Notices. Any notice or other communications to be given or delivered under or by reason of the provisions of this Agreement shall be in writing and shall be deemed to have been given (i) when personally delivered, (ii) upon delivery
by a reputable overnight express courier (charges prepaid), or (iii) five days following mailing by certified or registered mail, postage prepaid and return receipt requested. Unless another address is specified in writing, notices and
communications to Executive and the Company shall be sent to the addresses indicated below: 
 Notices to Executive: 

  
 13 

 Tom W. Olofson 
 c/o Epiq Systems, Inc. 
 501 Kansas Avenue 

Kansas City, KS 66105 
 Notices to the Company: 
 Epiq Systems, Inc. 

Attention: General Counsel 
 501 Kansas Avenue 
 Kansas City, KS 66105 

Any party hereto, may, by written notice to the other, change its address for receipt of notices hereunder. 

17. Severability. Whenever possible, each provision of this Agreement shall be interpreted in such manner as to be effective and
valid under applicable law, but if any provision of this Agreement is held to be invalid, illegal or unenforceable in any respect under any applicable law or rule in any jurisdiction, such invalidity, illegality or unenforceability shall not affect
any other provision of this Agreement or any action in any other jurisdiction, but this Agreement shall be reformed, construed and enforced in such jurisdiction as if such invalid, illegal or unenforceable provision had never been contained herein.

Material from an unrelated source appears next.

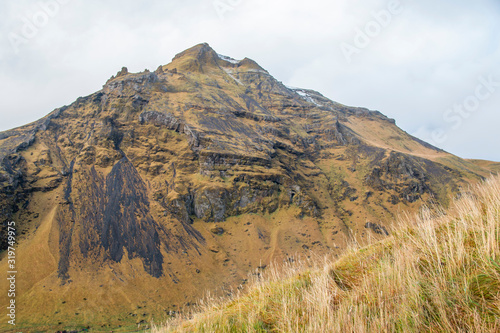 Huge mountain near a field of grass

 18. Complete Agreement. This Agreement and those documents expressly referred to herein embody the complete agreement
and understanding among the parties and supersede and preempt any prior understandings, agreements or representations by or among the parties, written or oral, which may have related to the subject matter hereof in any way. 

19. No Strict Construction. The language used in this Agreement shall be deemed to be the language chosen by the parties hereto to
express their mutual intent, and no rule of strict construction shall be applied against any party. 
 20.
Counterparts/Electronic Delivery. This Agreement may be executed in separate counterparts, each of which is deemed to be an original and all of which taken together constitute one and the same agreement. This Agreement, to the extent signed
and delivered by electronic means, shall be treated in all manner and respects as an original agreement and shall be considered to have the same binding legal effect as if it were the original signed version thereof delivered in person. 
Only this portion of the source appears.